The title of chapter four of Charlotte Cotton’s The Photograph as Contemporary Art, “Something and Nothing”, points to the oblique subject matter of a certain thematic grouping in contemporary art photography. The non-human things that are the focus of this grouping are ordinary, everyday objects, “objects and spaces that we may ordinarily ignore or pass by” (9). Cotton lists some examples of the iconography for this type of photography as follows: “objects balanced and stacked”, such as Peter Fischli and David Weiss’s Quiet Afternoon series (1984-85), in which sculptural forms are created by assemblages of mundane household items that are often stacked and fixed together, for example a grater, a carrot and a courgette stacked and impossibly balanced; “the edges or corners of things”, such as Gabriel Orozco’s Breath on Piano (1993), in which the ephemeral traces of condensed breath are juxtaposed with and layered onto the solid, shiny corners of the piano; “abandoned spaces, rubbish and decay”, such as Wim Wenders’ Wall in Paris, Texas (2001) and Anthony Hernandez’s Aliso Village #3 (2000), that focus on neglected and abandoned spaces; and “fugitive or ephemeral forms, such as snow, condensation and light”, examples of which are Tracey Baran’s Dewy (2000), and Manfred Willman’s Das Land series that focuses on the passing of the seasons (115).

In the sense that these objects and spaces have not traditionally been seen as credible visual subjects, and that they often do not merit much attention in people’s everyday lives, they could be considered “nothing”. Yet their very concrete presence, their “thing-ness”, and the way in which they are transformed from ordinary objects and spaces and made “extraordinary” by being photographed from “a sensitized and subjective point of view” (9), and thus altered conceptually, makes them “something”. Through this treatment, argues Cotton, “everything in the real world is a potential subject” (9), as “through photography, quotidian matter is given a visual charge and imaginative possibility beyond its everyday function” (115). She cautions against seeing the subject matter of this type of contemporary art photography as “unphotographed or unphotographable” (115-16), emphasising that the significance of any subject is determined jointly by the viewer and the artist, that the photographer designates something as significant by photographing it, piquing the visual curiosity of the viewer and encouraging an intersubjective engagement.

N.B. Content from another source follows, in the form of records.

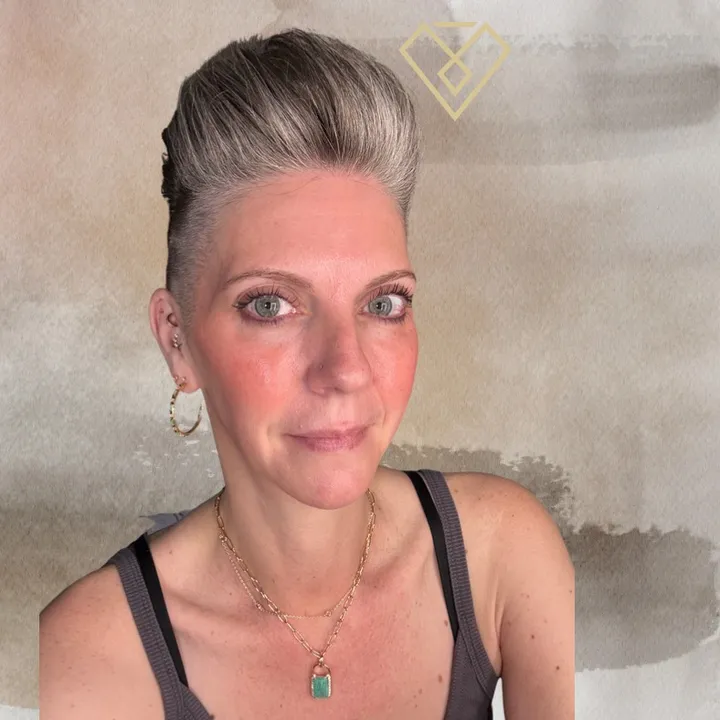 Gina✨House of Gems & Fizz✨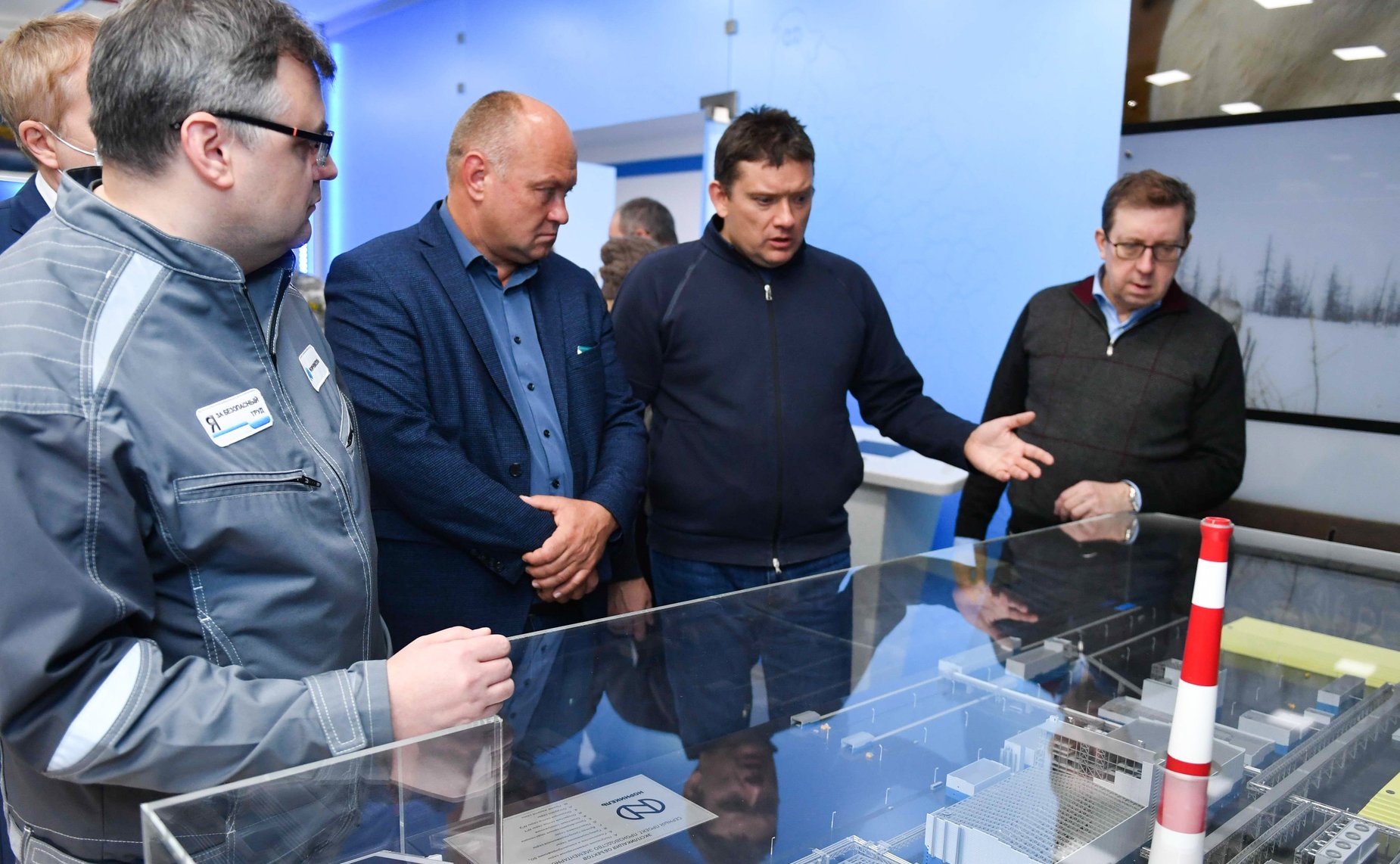 Посещение демонстрационного зала «НМЗ. Шоу-рум экологического Северного проекта»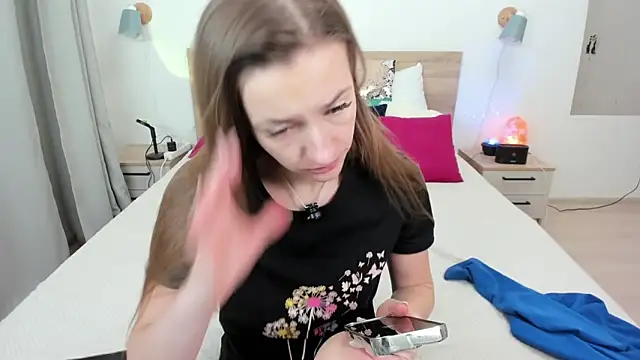 KateRedgar online show from 02/04/26, 02:45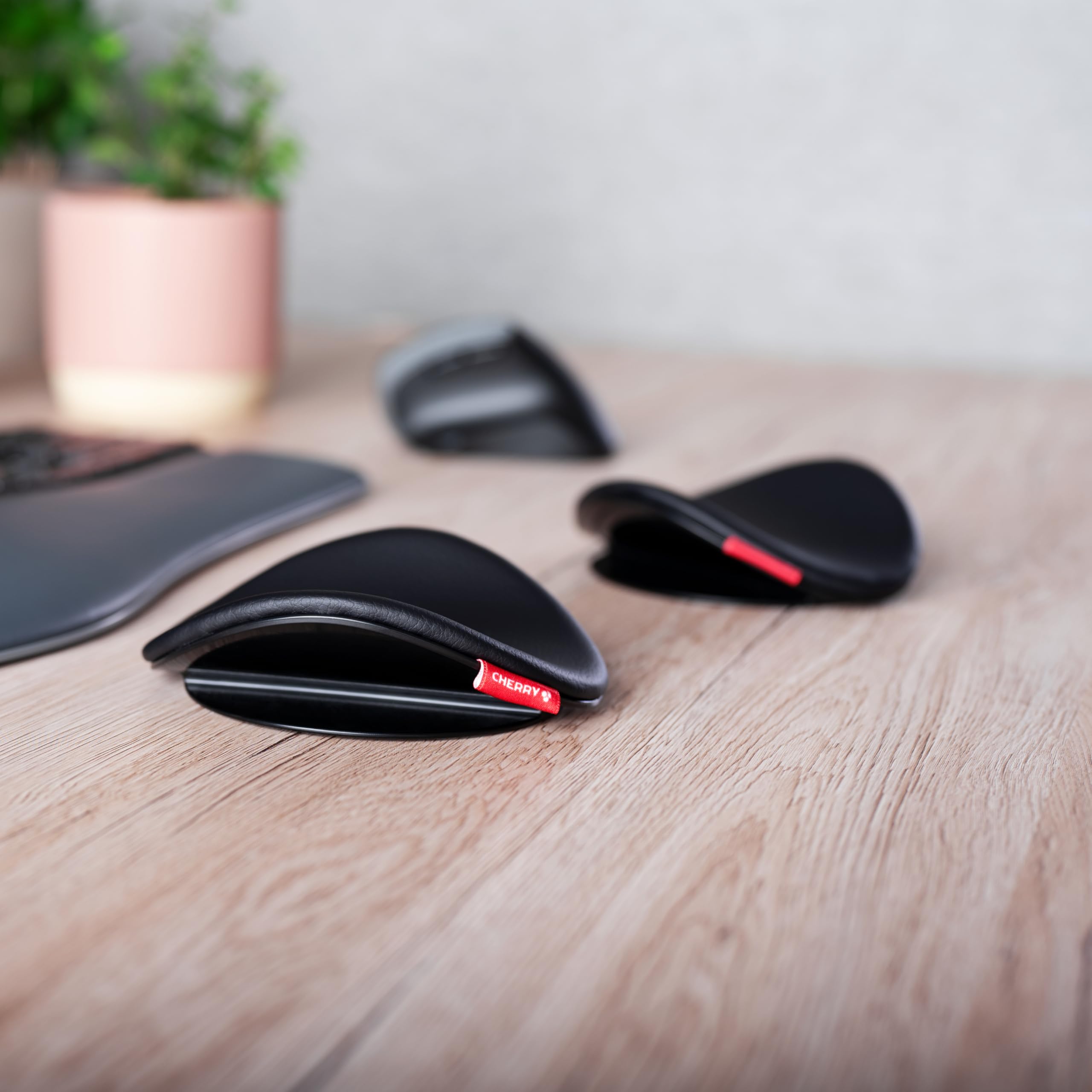 cherry-slidepad-ergo-gleitende-ergonomische-armauflage-schwarz image 2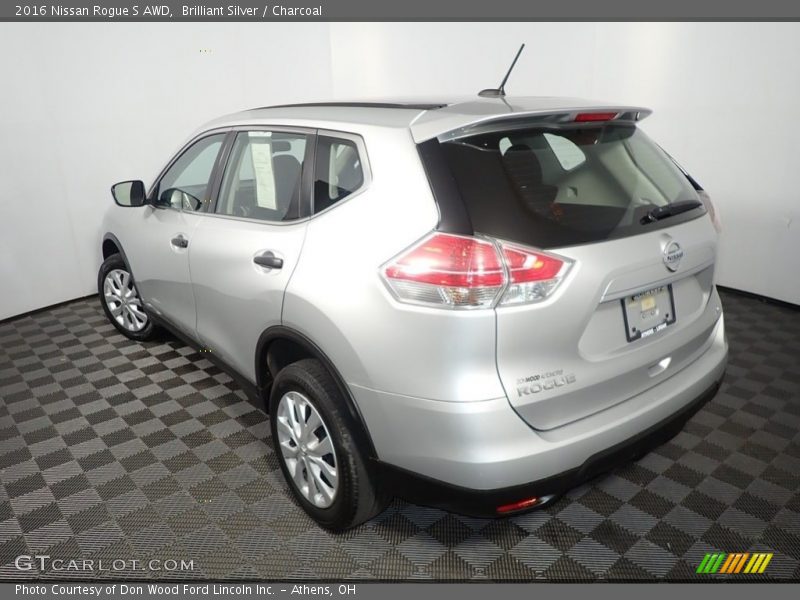 Brilliant Silver / Charcoal 2016 Nissan Rogue S AWD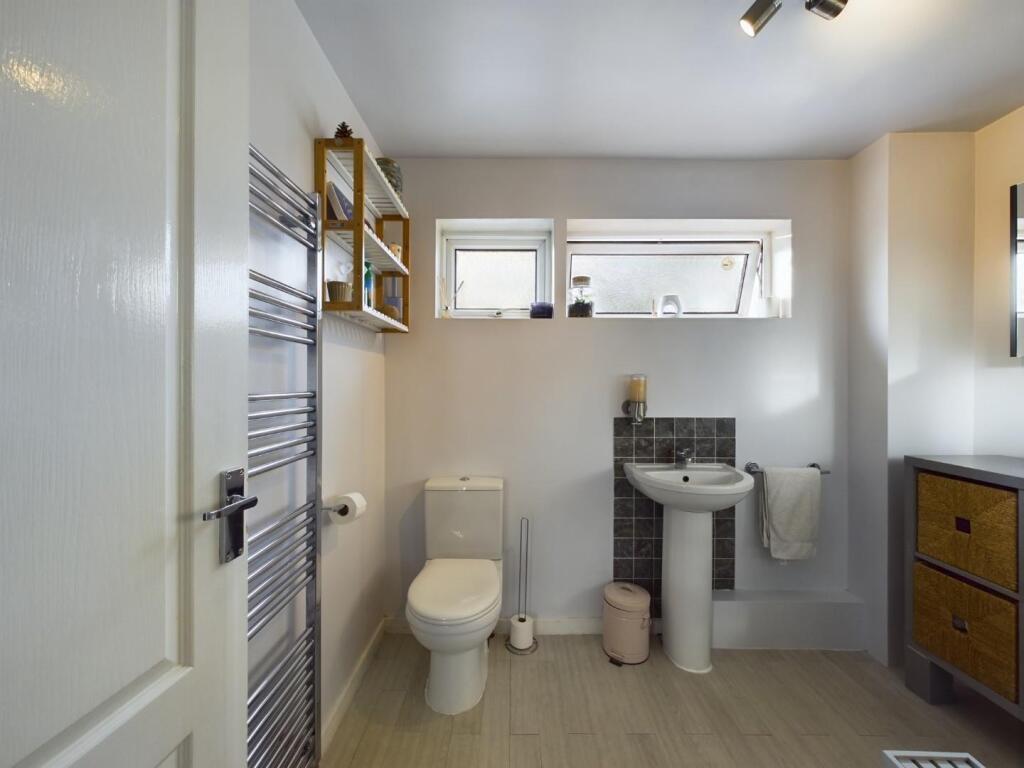 Additional property image - Lapwing Gardens, Stapleton, Bristol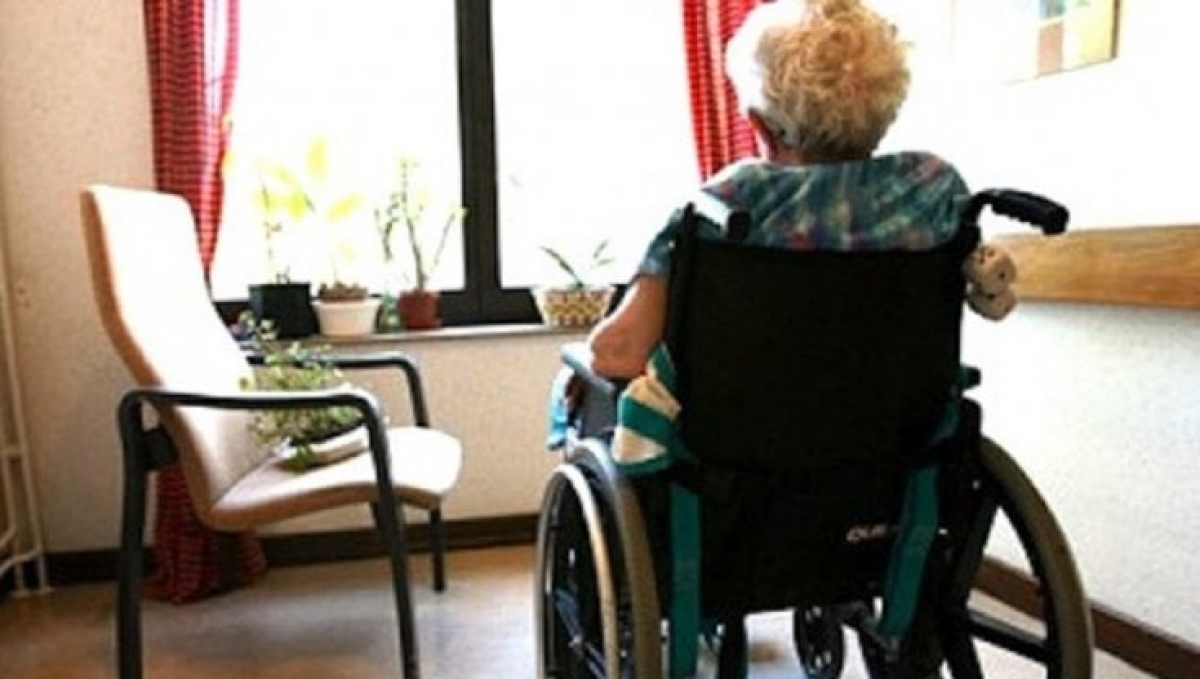 Cadute anziani in RSA e case di riposo: assistenza per la richiesta risarcitoria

Cotton identifies one of the precursors of this particular strand of contemporary art photography practice in Marcel Duchamp’s readymades, and locates contemporary practices within subsequent “attempts to make art from the matter of daily life, by breaking down the boundaries between the artist’s studio, the gallery and the world” (115). Because the specific technical skill of the artist is not immediately apparent or foregrounded, the objects or spaces become the focus of the viewer’s curiosity and attention, and the conceptual weight of their presence and configurations intensifies. In this sense, Cotton refers to “the pictorial charge that can be found in a place [or object], perhaps any place [or object], if one looks” (127, my addition in parentheses). Ways of seeing are crucial; physical, spatial and conceptual relationships are crucial; and an engagement with the concrete “thing-ness” of the objects or spaces, and with their location within their cultural and spatial environments, is crucial.

(What drew me to this particular chapter was an interest that I have had for a long time in the writing of W.G. Sebald, who includes photographs of various objects and scenes in his work. These photographs suggest a deeply phenomenological approach to the subject matter that has been difficult to account for within text-based literary studies. Many of the images Sebald uses lend a documentary feel to the work, and blur the boundaries between fiction and reality; but many of his images relate to architectural and spatial forms, and Cotton’s statement, in her discussion of Wenders and Hernandez that “architecture, in the context of this chapter, tends to be photographed at the point at which buildings have deteriorated or outlived their original purpose, abandoned by their inhabitants to leave only traces of previous human activity” (125), resonates strongly with many of Sebald’s preoccupations with the object in the context of its historical and cultural environment. I am hoping that looking a bit more deeply into this particular strand of contemporary art photography will help me to build a conceptual visual language and shed light on visual aspects of Sebald’s work that I have struggled to account for adequately.)